How to Deal with Tilting in Poker and Bad Beats

When you look to fade tilt and bad beats you have to have a clear and focused mind. If you have a clear and focused mind and look to remain focused then you will avoid tilt. Bad beats however are a natural part of the game, and you will encounter them in every session of poker that you play. No matter how long or how short a session you decide to play, you will certainly see some bad beats and take one or two as well. If you are playing a poker tournament you will encounter the largest number of bad beats especially if you get down to the end of a poker tournament. If you have survived that is kudos enough as poker tournaments are filled with bad players who will dish out bad beats left and right.

In order to deal with a bad beat the first thing to always keep in mind is what your goal at the beginning of the day was. If you didn’t have a goal to start the day then you should correct yourself right there. Having goals is a big part of long term poker success and if you don’t have goals or a guide to see the light at the end of the tunnel, then why would you even bother playing the game. If you set a goal to make let’s say $300 for the day in a $1/$2 game with a $300 buy-in, and instantly lost a monster pot with pocket aces, you aren’t feeling too good about that, but then again there is nothing you could have done differently. You will take bad beats in cash games often and dealing with them can help you get back to even and make a profit. If you lose the big hand with aces and begin to feel warm or heated a little bit, you should realize that you are about to go on tilt. You can always step back away from the game for a couple of minutes and grab something to eat, have a glass of water or juice and sit back down at the table. The game will always be there, but you have to know when to play and when not to play. If you can effectively shrug off a bad beat and continue to play, not too many players can sit in there and do that, but over time you should learn that bad beats happen, and don’t get discouraged when they do occur.

Tilt is a crazy thing and it can often come out of nowhere. One hand can change the entire complexion of your mindset, and set you off completely.

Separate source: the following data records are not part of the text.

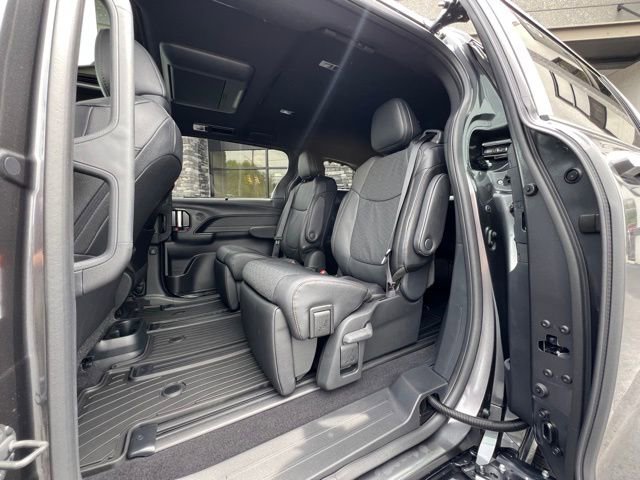 Used 2025 Toyota Sienna Limited AWD/4WD image 3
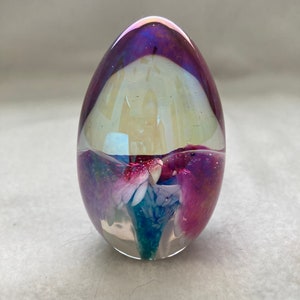 Vintage Artist Signed Mount St Helens Art Glass Orchid Egg Paperweight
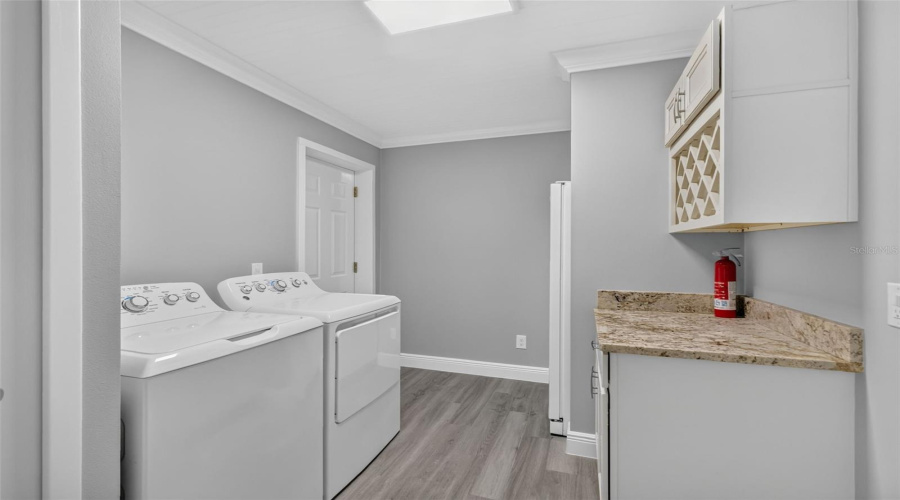 Lady Lake, Florida 32159, 3 Bedroom Bedrooms, ,1 Bathroombathrooms,Residential,For Sale,Padgett,0,Mfrg5116612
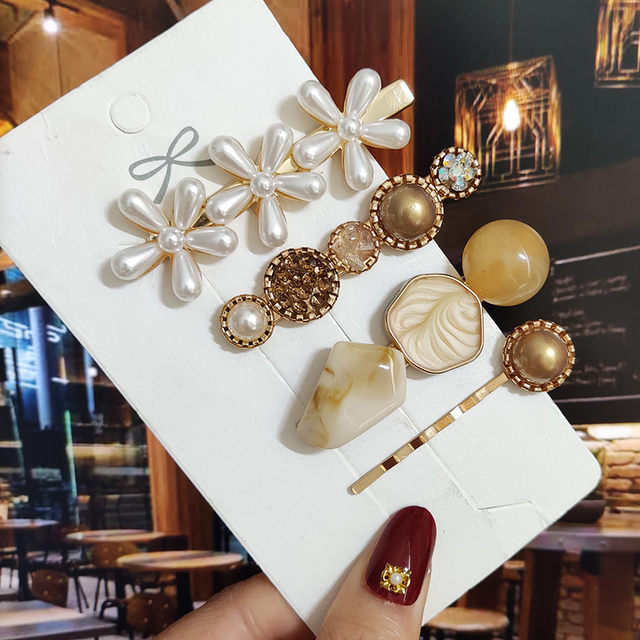 Starfish Hair Clip For Women 2022 Korean Acrylic Hairpins Geometric Crystal Hair Barrettes Girl Hair Accessories Hairgrip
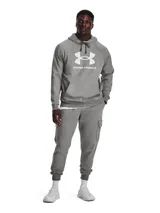 Buzo gris de Under Armour, línea Rival Fleece, con capucha y logo estampado en el frente.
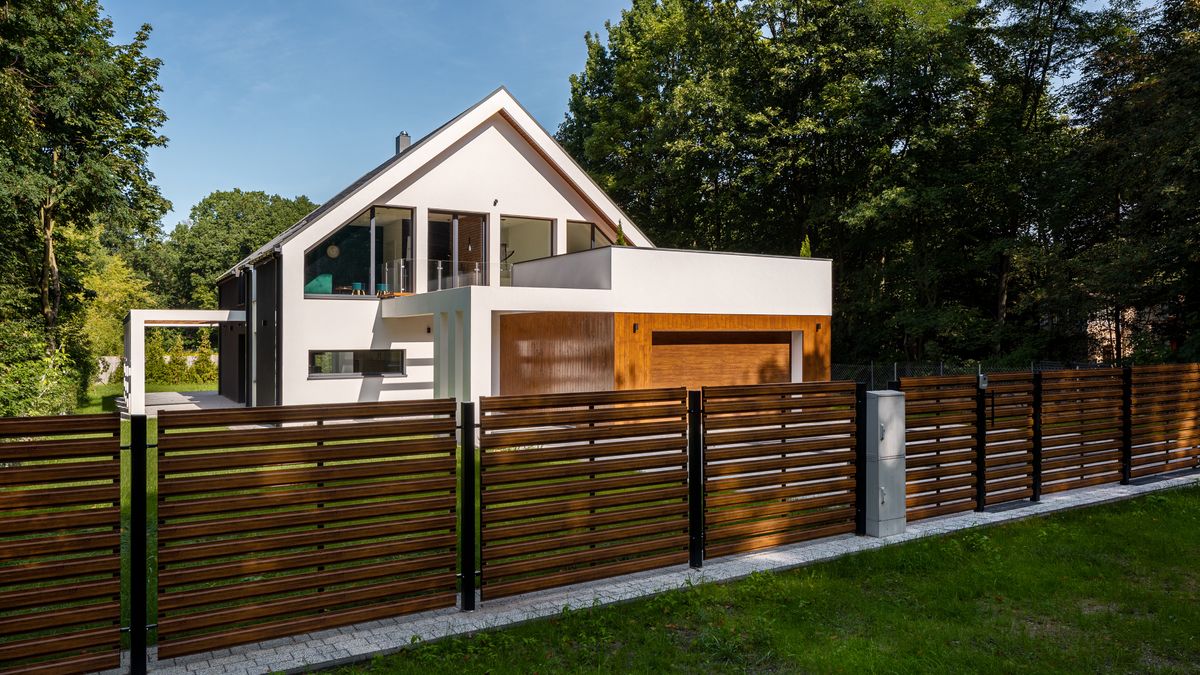 Budynek z ogrodzeniem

To know when tilt is coming, you almost will never know, but you will realize it when you start moving all-in with hands you would have since folded. When you see that happen you should be able to catch yourself and quit the session right then and there. If you don’t feel like you are playing your best game, you shouldn’t play. The only reason to sit and not play your best game is late in a poker tournament. Often times after 4-5 hours of poker the brain slows down its thought process and you will not see solid poker from previously solid poker players. Late in poker tournaments is the one exception as for when you should remain seated at a poker table. The other exception should be when you are at a table with completely terrible and horrendously aggressive players. Even if you are on tilt some or take a bad beat or two, you should realize that games with aggressive players are games that are very profitable. The aggressive players will give you plenty of opportunities to win money back that you previously lost.

The best way though to deal with tilt and bad beats is to analyze your game and how you played hands. If you see that you have played hands well and have an edge over the player who took a big pot from you, then you shouldn’t back down from playing them again. The one thing not to do is to start 3 betting them with marginal hands and playing back at them for no reason other than you want your money back. Once you get that attitude you now have a losing degenerative attitude that will end up with you either burning your money in your pocket or maybe getting back to even. The best case scenario is you put a bad beat on someone and then return to normal, but often times you will over commit your stack and lose another big pot that could have been avoided.